There are two indications that there may be a pocket of opportunity in the near term.  This may be very short in duration and tactics adjusted accordingly, but there is evidence that the market may experience a bounce here.  First, the percentage of NYSE stocks above their 20 period moving average has reached a level where bottoms have formed.  This may just be a technical relief bounce of a few days, hence my general caution about the longer term relevance.

$MTMW

In conjunction the number above their 40 period average have bounced from 43% to 51%.  As we can observe from the following chart, whenever there has been a decline followed by a significant increase over a one to two day period, the market had a rally.  There was a bit more complex bottoming in the August of 2013 which merely affirms that while there is a "tendency", anything can happen.

T2108

If a door opens this week, a few patterns on my watch list are:

GBX
$PAH
$VEEV
$VHI

Lastly, earnings season offers opportunities for catalyst based trades with their own merits regardless of market and macro conditions.  For the next couple of weeks there will be a plethora of releases offering opportunities to find the beginning stage of the next major winner.

Thursday, July 17, 2014

No Gnews is Good Gnews

Market Breadth

Breadth continues to erode on higher time frames.  This has been occurring over the past 12 trading sessions but for some reason the news today is the reason.  There is a subtle point here, however; when news is perceived as bad and the market does not shrug it off, there is a deeper underlying problem occurring under the surface to pay attention to.

Wednesday, July 16, 2014

The Market I Trade Suggest Caution Here

One of these indexes is not like the other.

$INDU
$SPX
$RUT

Since the beginning of July there has been a significant underperformance by the small caps in comparison to their more mature siblings.  Burrowing a little deeper, the divergence between the $RUT is move evident as a ratio to the $SPX.  The following chart clearly indicates that this has been a continuing issue since February and that the brief period from May through June was more of a mirage than an actual change in small cap leadership.

$RUT:$SPX


More distressing to me is that the more heavily discussed and psychological bellwether indexes continue to show great strength on the surface and make headlines while underneath the number of free range stocks unburdened by placement in an index further weaken on numerous time frames.  What the numbers are telling me is that there is erosion spreading from weekly to the monthly, and that from a peak of 1291 in 8 trading days an even higher time frame indicator is about to flip negative.

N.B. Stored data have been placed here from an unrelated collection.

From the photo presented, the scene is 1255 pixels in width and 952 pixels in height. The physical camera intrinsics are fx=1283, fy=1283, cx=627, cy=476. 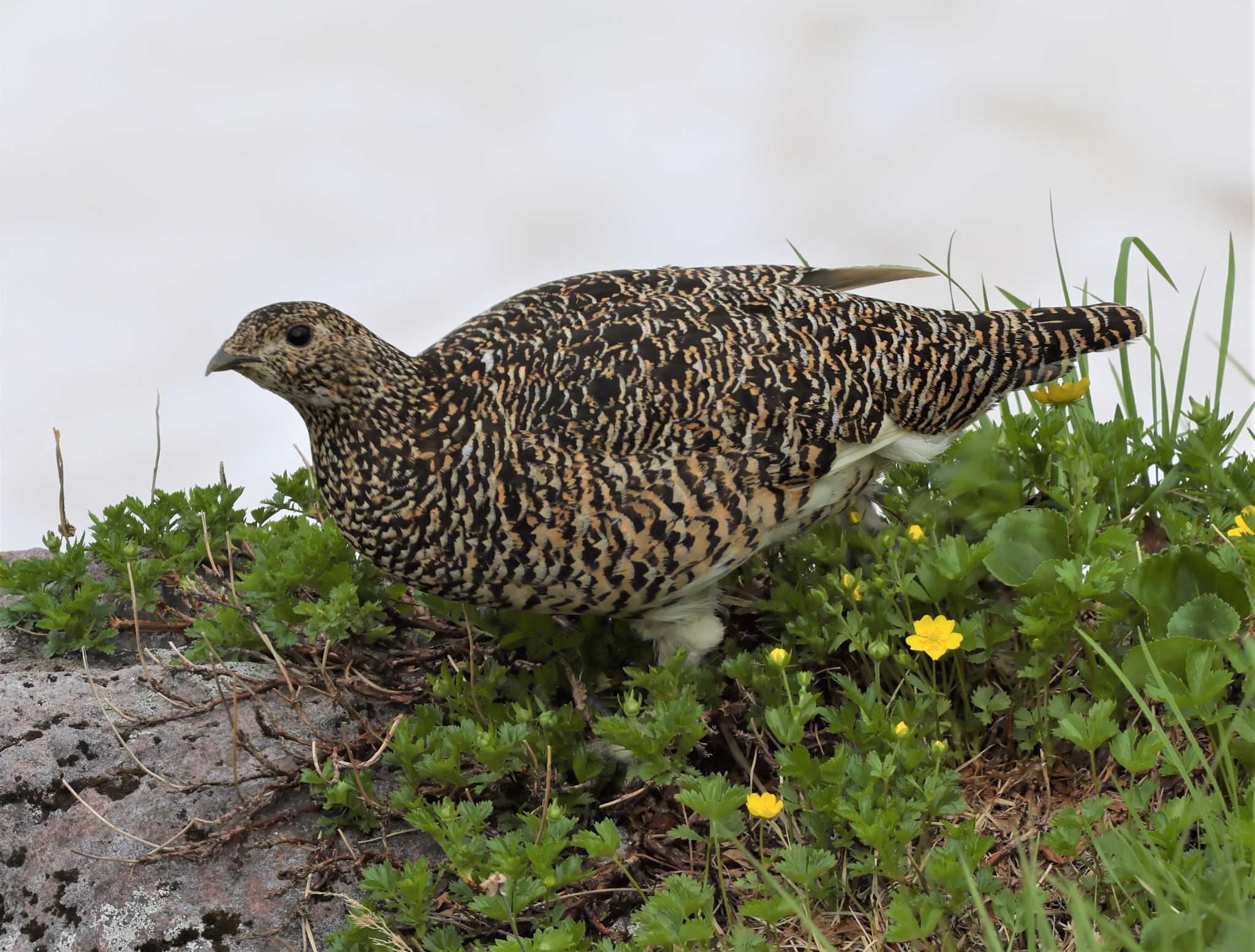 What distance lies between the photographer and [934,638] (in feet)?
9.28

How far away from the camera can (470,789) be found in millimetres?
3143

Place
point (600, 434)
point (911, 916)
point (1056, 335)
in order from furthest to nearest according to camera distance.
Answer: point (1056, 335)
point (600, 434)
point (911, 916)

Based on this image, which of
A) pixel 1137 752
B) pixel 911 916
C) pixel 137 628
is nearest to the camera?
pixel 911 916

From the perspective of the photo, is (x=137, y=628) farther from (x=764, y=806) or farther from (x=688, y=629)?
(x=764, y=806)

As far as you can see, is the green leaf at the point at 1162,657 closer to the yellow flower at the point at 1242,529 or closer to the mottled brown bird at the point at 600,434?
the yellow flower at the point at 1242,529

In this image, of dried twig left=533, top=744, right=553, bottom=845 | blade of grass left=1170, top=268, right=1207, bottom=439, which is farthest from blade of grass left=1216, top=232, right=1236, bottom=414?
dried twig left=533, top=744, right=553, bottom=845

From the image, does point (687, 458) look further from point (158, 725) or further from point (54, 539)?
point (54, 539)

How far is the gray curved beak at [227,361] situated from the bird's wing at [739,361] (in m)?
0.47

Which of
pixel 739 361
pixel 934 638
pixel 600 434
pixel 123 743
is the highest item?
pixel 739 361

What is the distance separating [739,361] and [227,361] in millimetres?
1244

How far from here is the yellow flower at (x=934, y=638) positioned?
280cm

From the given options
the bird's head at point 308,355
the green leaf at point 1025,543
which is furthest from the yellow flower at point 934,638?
the bird's head at point 308,355

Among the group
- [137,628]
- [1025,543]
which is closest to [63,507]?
[137,628]

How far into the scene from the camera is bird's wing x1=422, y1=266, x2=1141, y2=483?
124 inches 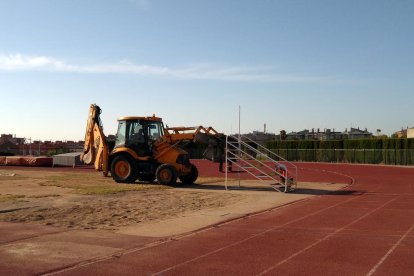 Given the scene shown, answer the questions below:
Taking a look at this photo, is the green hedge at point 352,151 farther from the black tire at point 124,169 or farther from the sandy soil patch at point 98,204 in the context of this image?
the sandy soil patch at point 98,204

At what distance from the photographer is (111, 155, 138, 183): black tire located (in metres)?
24.4

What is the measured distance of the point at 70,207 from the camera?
1471cm

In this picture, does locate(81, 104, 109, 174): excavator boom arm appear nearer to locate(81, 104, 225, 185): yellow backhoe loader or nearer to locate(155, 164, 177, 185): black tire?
locate(81, 104, 225, 185): yellow backhoe loader

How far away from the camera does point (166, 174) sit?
925 inches

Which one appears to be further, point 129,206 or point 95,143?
point 95,143

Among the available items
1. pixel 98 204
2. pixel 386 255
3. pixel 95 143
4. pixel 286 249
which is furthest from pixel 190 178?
pixel 386 255

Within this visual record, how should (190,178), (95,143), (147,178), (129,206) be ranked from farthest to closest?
(95,143) < (147,178) < (190,178) < (129,206)

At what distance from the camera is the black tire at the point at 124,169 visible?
2439 centimetres

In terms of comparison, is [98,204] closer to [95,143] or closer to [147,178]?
[147,178]

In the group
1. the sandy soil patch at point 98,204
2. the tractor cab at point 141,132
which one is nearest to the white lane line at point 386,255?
the sandy soil patch at point 98,204

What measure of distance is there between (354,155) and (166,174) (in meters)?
36.0

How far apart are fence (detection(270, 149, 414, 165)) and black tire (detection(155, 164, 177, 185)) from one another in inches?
1264

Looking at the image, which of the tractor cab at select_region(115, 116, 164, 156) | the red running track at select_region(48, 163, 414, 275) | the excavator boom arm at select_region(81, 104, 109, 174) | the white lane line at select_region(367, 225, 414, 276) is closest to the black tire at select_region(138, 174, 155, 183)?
the tractor cab at select_region(115, 116, 164, 156)

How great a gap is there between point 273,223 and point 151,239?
3.61 meters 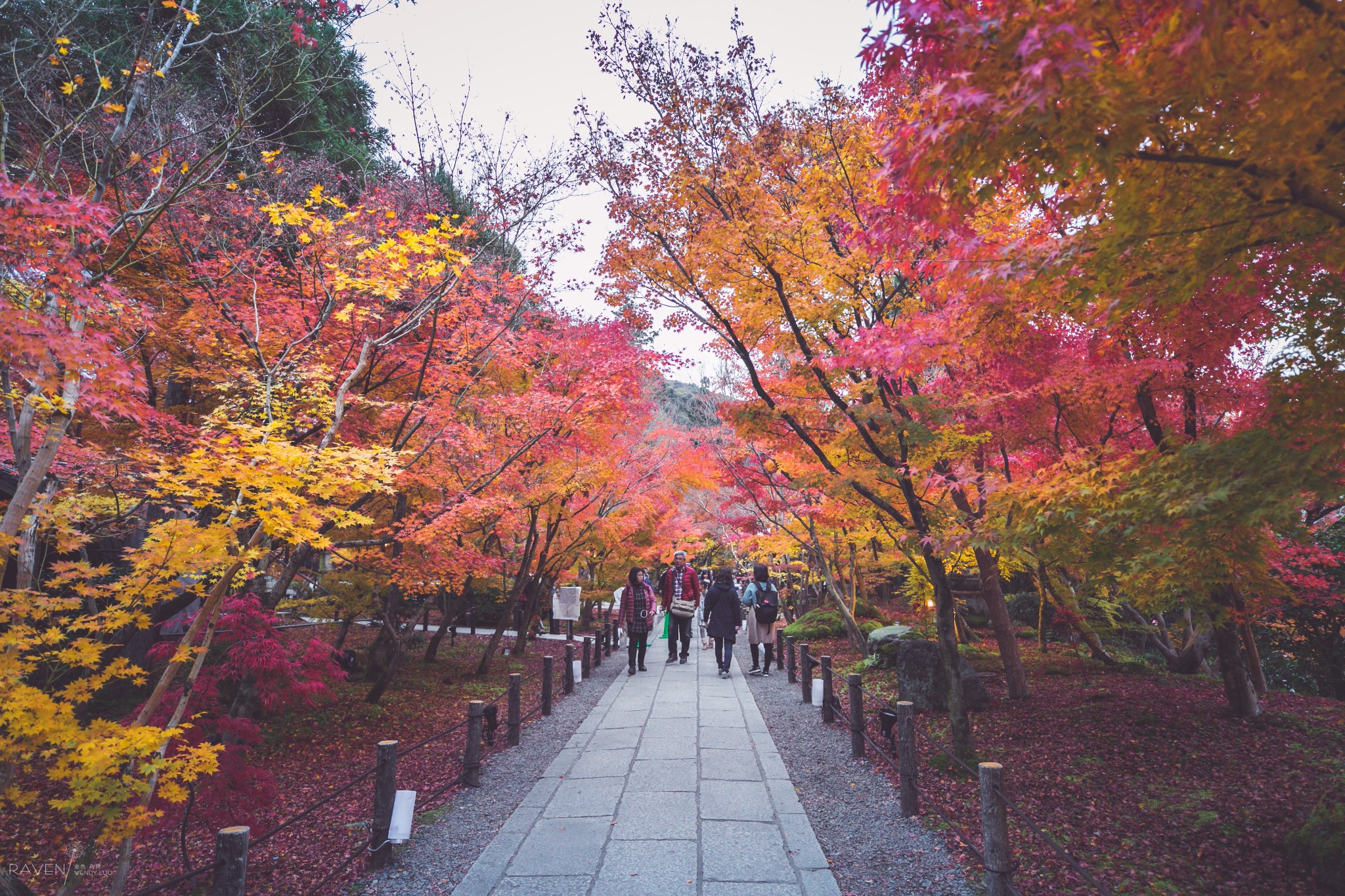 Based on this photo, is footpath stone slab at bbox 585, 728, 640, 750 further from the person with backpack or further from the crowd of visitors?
the person with backpack

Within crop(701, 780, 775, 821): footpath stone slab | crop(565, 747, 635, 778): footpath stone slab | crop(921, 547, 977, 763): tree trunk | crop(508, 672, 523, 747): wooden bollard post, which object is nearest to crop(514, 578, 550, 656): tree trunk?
crop(508, 672, 523, 747): wooden bollard post

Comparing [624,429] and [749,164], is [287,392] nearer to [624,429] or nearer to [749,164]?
[749,164]

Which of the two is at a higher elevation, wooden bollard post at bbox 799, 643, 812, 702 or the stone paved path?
wooden bollard post at bbox 799, 643, 812, 702

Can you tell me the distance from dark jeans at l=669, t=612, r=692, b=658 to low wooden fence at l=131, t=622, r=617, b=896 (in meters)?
2.40

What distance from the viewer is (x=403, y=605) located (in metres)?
14.9

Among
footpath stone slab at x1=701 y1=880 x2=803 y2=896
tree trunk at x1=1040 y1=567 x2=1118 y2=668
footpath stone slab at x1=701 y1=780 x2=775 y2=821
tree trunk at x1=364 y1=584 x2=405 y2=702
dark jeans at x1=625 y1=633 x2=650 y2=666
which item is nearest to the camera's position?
footpath stone slab at x1=701 y1=880 x2=803 y2=896

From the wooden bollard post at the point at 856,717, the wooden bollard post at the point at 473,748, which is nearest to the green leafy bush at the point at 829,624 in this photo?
the wooden bollard post at the point at 856,717

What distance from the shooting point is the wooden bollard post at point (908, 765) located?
15.9 ft

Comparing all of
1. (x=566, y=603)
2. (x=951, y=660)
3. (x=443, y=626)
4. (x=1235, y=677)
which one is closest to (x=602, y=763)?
(x=951, y=660)

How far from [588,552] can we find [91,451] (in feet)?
34.0

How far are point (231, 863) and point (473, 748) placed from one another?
2.69 metres

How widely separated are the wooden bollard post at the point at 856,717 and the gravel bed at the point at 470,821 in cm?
309

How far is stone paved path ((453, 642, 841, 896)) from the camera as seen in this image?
12.5ft

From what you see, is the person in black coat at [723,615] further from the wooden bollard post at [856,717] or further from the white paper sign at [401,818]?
the white paper sign at [401,818] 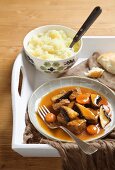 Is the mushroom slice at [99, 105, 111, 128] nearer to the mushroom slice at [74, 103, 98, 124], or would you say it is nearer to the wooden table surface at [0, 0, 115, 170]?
the mushroom slice at [74, 103, 98, 124]

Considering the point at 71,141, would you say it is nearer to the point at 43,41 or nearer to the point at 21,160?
the point at 21,160

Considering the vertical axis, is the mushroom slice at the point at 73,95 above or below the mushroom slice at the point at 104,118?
below

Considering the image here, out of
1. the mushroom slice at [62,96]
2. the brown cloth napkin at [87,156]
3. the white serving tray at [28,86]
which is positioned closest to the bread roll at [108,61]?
the white serving tray at [28,86]

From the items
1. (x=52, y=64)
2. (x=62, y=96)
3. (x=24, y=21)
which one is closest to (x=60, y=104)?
(x=62, y=96)

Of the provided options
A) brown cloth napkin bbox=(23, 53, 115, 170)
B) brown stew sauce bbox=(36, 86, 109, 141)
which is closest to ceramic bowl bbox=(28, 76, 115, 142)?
brown stew sauce bbox=(36, 86, 109, 141)

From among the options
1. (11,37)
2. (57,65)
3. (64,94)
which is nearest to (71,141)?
(64,94)

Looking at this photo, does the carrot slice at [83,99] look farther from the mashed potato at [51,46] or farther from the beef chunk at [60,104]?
the mashed potato at [51,46]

From my perspective the current state of the market is better to be observed from afar than as a participant.  The market that I trade is not healthy for breakout trades on a 5 to 10 day time horizon especially given that the ratio of stocks moving on this time frame continues to weaken as more break down than out.  I continue to affirm the belief that we all trade our own markets and that my analysis works with my personal trading psychology and may not be applicable on a different time horizon.  It's merely my opinion here that this is a period to be cautious for swing traders.

Friday, July 11, 2014

Divorcing Time Frames


Knowing our time in the market can greatly assist us as traders in our timing of the market. One of the errors that traders compound is working off of two different time frames. This can result in unnecessary conflict as the emerging emotions of one time period may supersede the disciplined required on another. Recently I underwent this experience when a longer term holding period was pressured on a shorter term time frame and I sold the position only to watch it rebound to new highs. I allowed a shorter term time horizon bearishness to override the a plan that thus far kept me pat for 3 months.
If you are a short-term trader, recognize that selling a stock for a quick profit only to watch it go on to double in price is of no real concern to you. You operate in a particular zone of a stock’s price continuum, and someone else may operate in a totally different area of the curve. However, if you’re a longer-term investor, there will be many times when you make a decent short-term gain only to give it all back in the pursuit of a larger move.  --Mark Minervini

Over time traders begin to develop default behaviorism arising from experience and intuition. One of the things to be cautious of is that the default capital preservation of a system devised for a shorter time time frame of 5 days can override a longer time horizon system which can in turn become an exceptional costly mistake. The longer capital is tied up in a position the more crucial it is that this position be allowed an opportunity for an outsized gain on this horizon.

Wednesday, July 9, 2014

Time Slice Analysis

Lately I've been increasing effort in the study and analysis of what stocks do on my time frame.  My standard time horizon is between 5 to 10 days.  In placing effort into the actual behavior of what stocks are doing new insights can be gleamed about what is actually working such as: sector themes, patterns, are stocks near highs or beaten down, are they highly shorted etc...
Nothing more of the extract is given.